Lesson 6 - Regularization; Convolutions; Data ethics

Platform.ai

Focus is on batch labeling dozens maybe hundreds of examples at a time and learning from every aspect of the human interaction (not just the explicit label). Platform.ai will leverage transfer learning using an Imagenet trained network and various dimensionality reduction techniques and uses ImageNet . It's a bit like clustering, human labels a few and machine learning then helps.

Regularization for Tabular Learner

The rossmann data set is they've got 3,000 drug stores in Europe and you're trying to predict how many products they're going to sell in the next couple of weeks.

It's a time-series. Predicting a future dataset.

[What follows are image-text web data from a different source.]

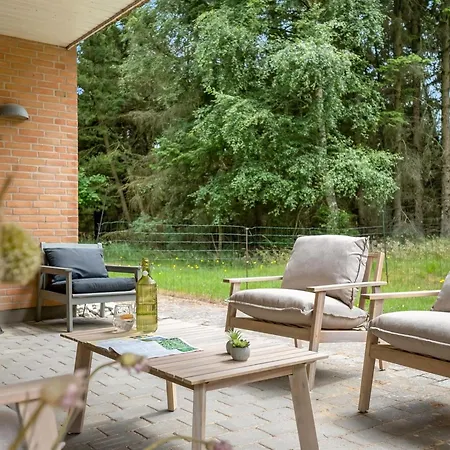 Batsha - 1-7km From The Sea By Interhome
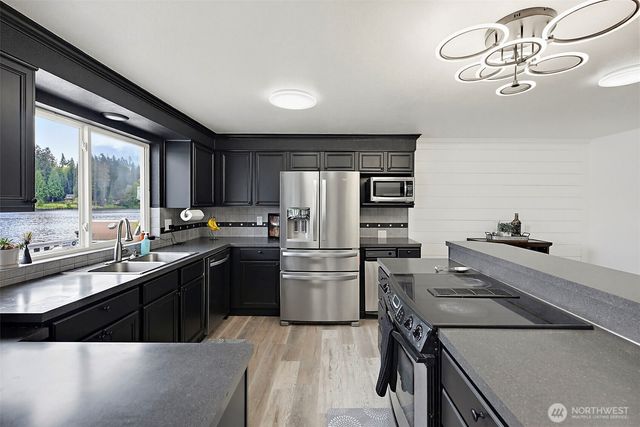 33915 Tanwax Court E, Eatonville, WA 98328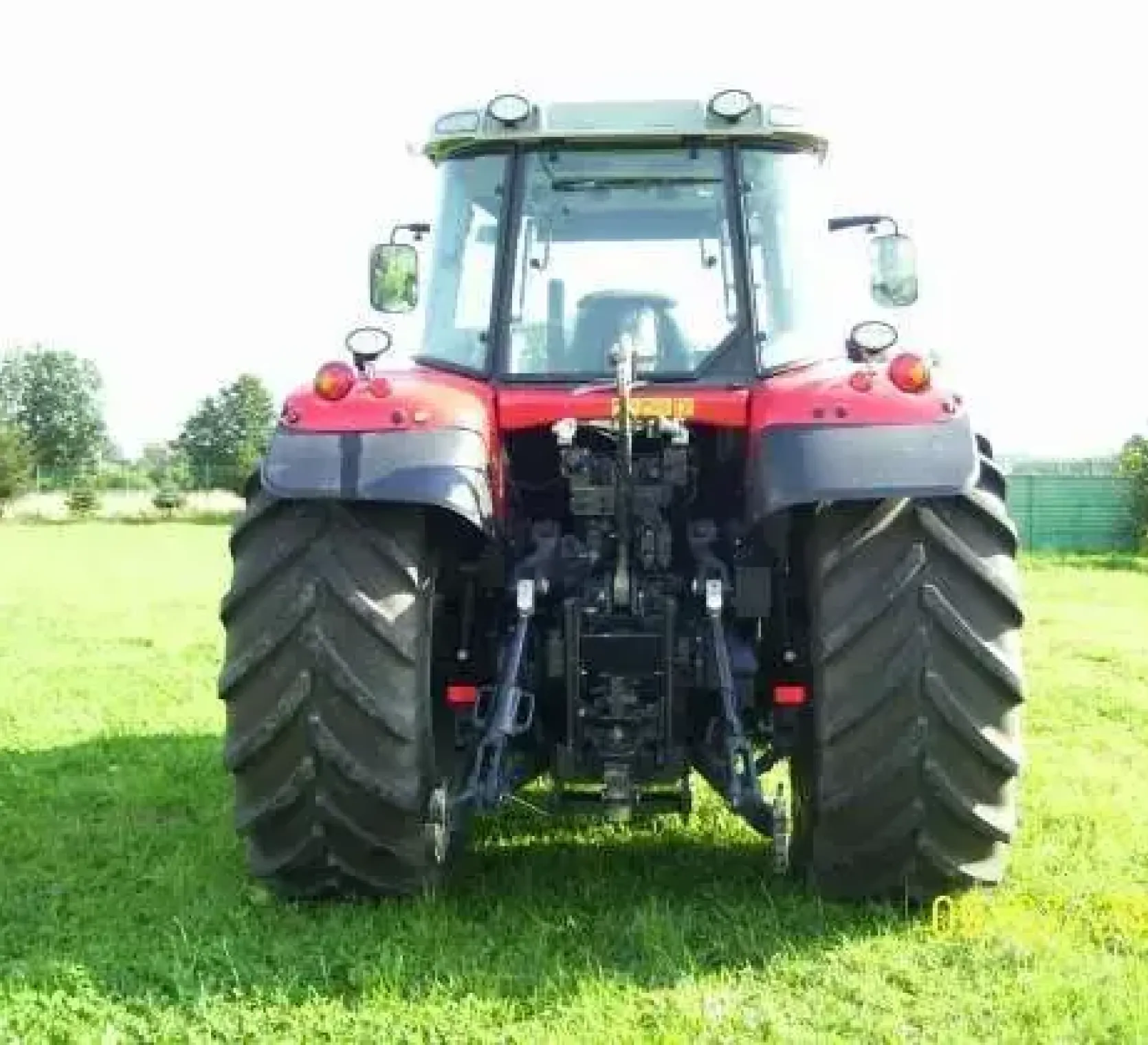 Trzypunktowy Układ Zawieszenia w ciągniku MF 7480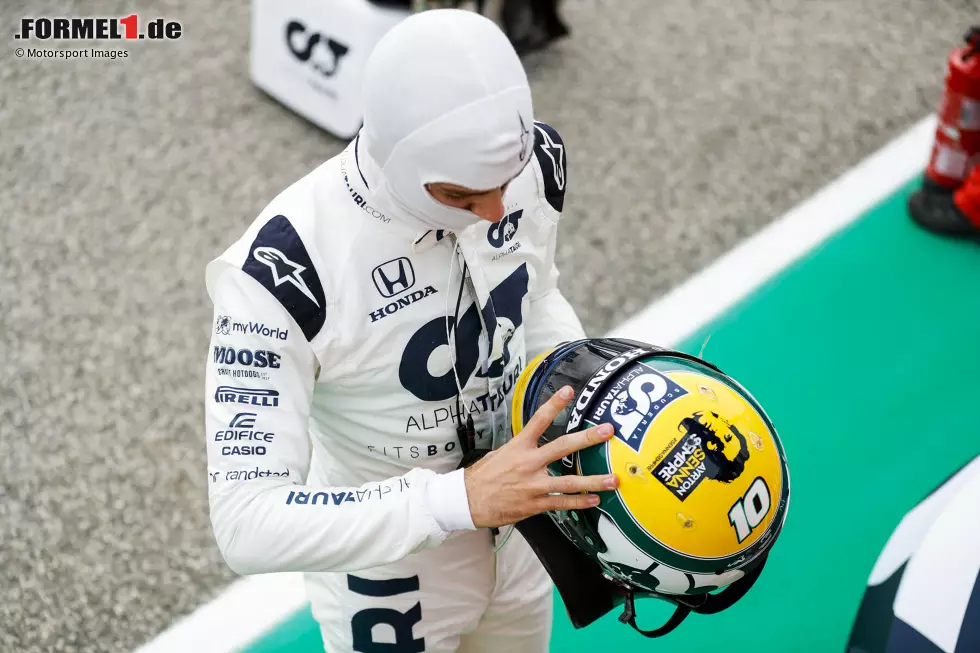 Pierre Gasly (1): P4 im Qualifying und auch im Rennen wäre es ohne den Defekt wohl wieder eine absolute Topplatzierung geworden. Wir wissen zumindest nicht, für was wir ihm etwas abziehen sollten. Am gesamten Wochenende wieder einmal schneller als der Teamkollege. Und der wurde am Ende Vierter ... Foto zur News: Pierre Gasly (1): P4 im Qualifying und auch im Rennen wäre es ohne den Defekt wohl wieder eine absolute Topplatzierung geworden. Wir wissen zumindest nicht, für was wir ihm etwas abziehen sollten. Am gesamten Wochenende wieder einmal schneller als der Teamkollege. Und der wurde am Ende Vierter ...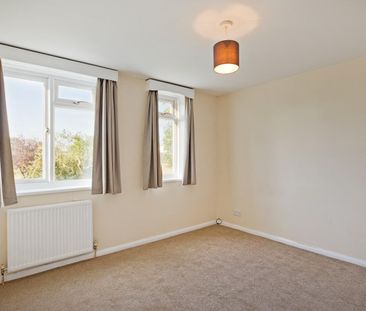Manor Gardens, Killinghall, Harrogate HG3 - Photo 6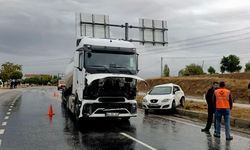 Doğanşehir'de Tır ile Otomobil Çarpıştı: 3 Yaralı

Another interesting thing about it is the evaluation metric they provided is the root mean squared percent error.

add_datepart(train, "Date", drop=False)
add_datepart(test, "Date", drop=False)

For something like taking a date like this (2015-07-31 00:00:00) and figuring out that the fifteenth of the month is something when interesting things happen.

The key thing here is that we're trying to on a particular date for a particular store ID, we want to predict the number of sales. Sales is the dependent variable.

Preprocesses

Transforms are bits of code that run every time something is grabbed from a data set so it's really good for data augmentation.

Preprocesses are like transforms, but they're a little bit different which is that they run once before you do any training. Really importantly, they run once on the training set and then any kind of state or metadata that's created is then shared with the validation and test set.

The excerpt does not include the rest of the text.